Work instructions: Go through the entries below and tally each line holding the string "female". Return the number only.

[Material for this task Boundary: Start]

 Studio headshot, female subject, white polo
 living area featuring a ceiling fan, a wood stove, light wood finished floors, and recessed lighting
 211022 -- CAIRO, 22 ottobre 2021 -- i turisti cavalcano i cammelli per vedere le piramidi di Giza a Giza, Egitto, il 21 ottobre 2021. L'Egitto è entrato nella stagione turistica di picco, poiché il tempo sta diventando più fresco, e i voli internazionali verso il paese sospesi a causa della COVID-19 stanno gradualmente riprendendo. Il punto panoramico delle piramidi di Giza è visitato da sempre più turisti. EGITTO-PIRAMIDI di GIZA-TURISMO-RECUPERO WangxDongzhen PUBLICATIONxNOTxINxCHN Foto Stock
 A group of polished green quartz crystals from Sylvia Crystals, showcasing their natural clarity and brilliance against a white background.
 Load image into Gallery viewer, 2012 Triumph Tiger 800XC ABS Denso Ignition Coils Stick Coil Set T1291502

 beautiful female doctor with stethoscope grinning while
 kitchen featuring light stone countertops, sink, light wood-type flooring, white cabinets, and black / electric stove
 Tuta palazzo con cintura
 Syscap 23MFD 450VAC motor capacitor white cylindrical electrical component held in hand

[Material for this task Boundary: End]

Response box: 2